# Which license for mullet



## Tomcat (Feb 13, 2008)

Do you need salt or fresh water license for mullet fishing in the Chactawhatchee river?

Thanks,

Tomcat


----------



## Midnight Rider (Sep 30, 2007)

Im going to say salwater because they are a saltwater spieces.


----------



## Halfmoon (Oct 3, 2007)

If your fishing in freshwater it's freshwater. Because they can live in both fresh and saltwater.

Because where I grew up. If the saltwater fish would come up to the springs during the winter I needed a freshwater Lic on board. Got a ticket for that.

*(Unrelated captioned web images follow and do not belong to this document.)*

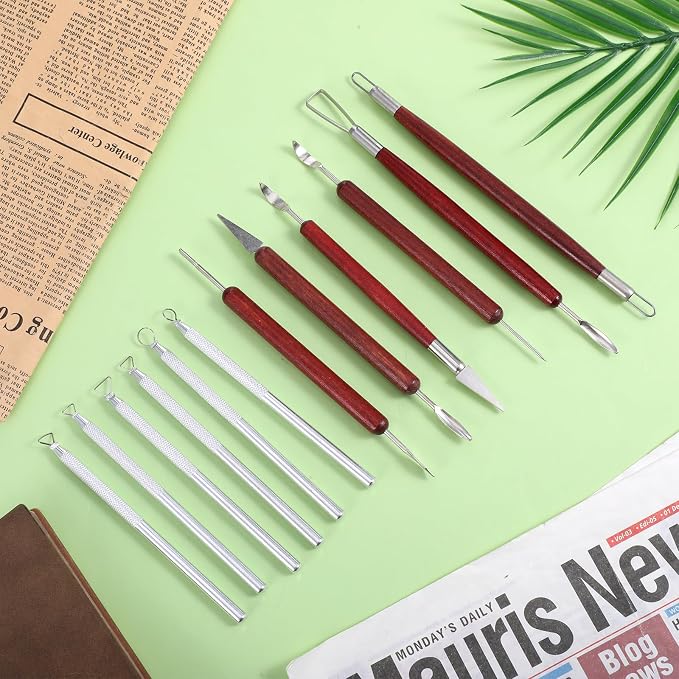 12 PCS Clay Carving Tools, Double-Sided Clay Sculpting Tools Wooden Handle Clays Wire Loop Sculpture Set Clays Pottery Sculpting Tool Set for Ceramic, Carving Modeling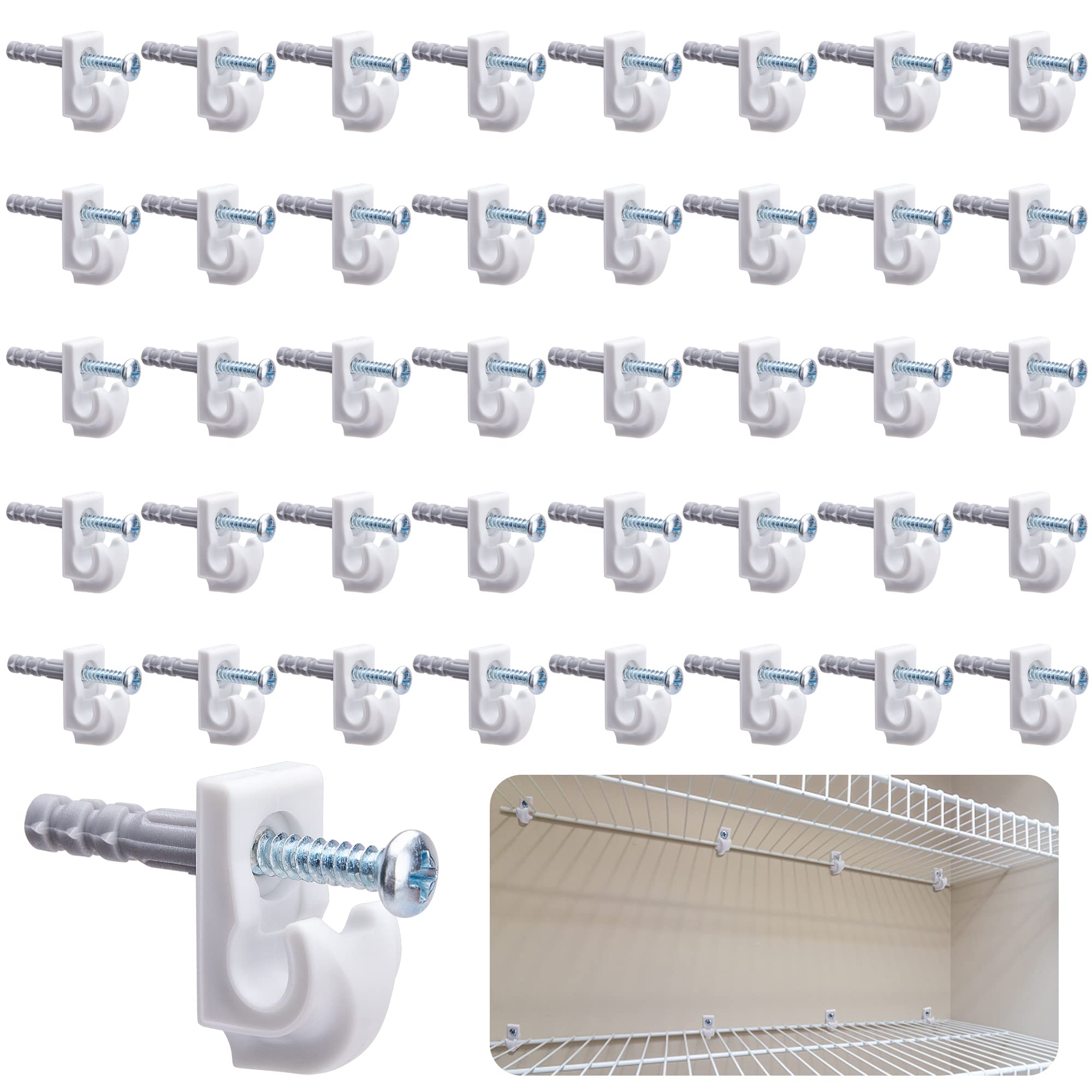 40 Pcs White Down Wall Clips- Wire Shelf Brackets Loop Clips- Closet Maid Support Brackets- Plastic Closet Shelves Clips Screws and Expansion Tubes for Wire Shelving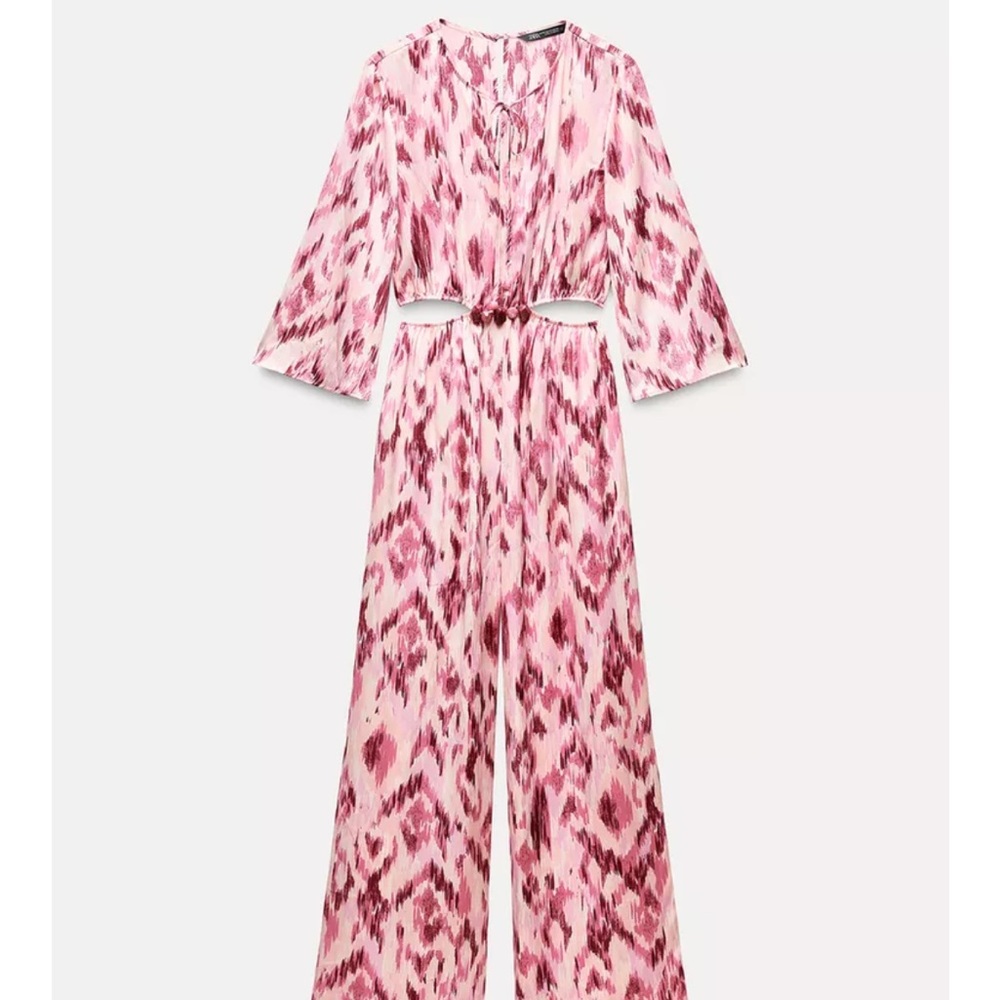 Elegant Pink Patterned Jumpsuit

But it could be different now. That was 17 years ago. Call Fish and Game.


----------



## Telum Pisces (Sep 27, 2007)

The last time I spoke with someone in the know about which license you needed, he said that it depended on which species you were targeting. Since there is brackish waters etc... And since it's a posession law, it depends on which fish you are going after and what's in the fish box. But just give FWC a call to double check.


----------



## Tomcat (Feb 13, 2008)

A friend of mine and I were discussing this before we went mullet fishing so I played it safe and got both salt and fresh water. Thanks for the replies.


----------



## FlounderAssassin (Sep 28, 2007)

That was your best bet...now your covered either way!


----------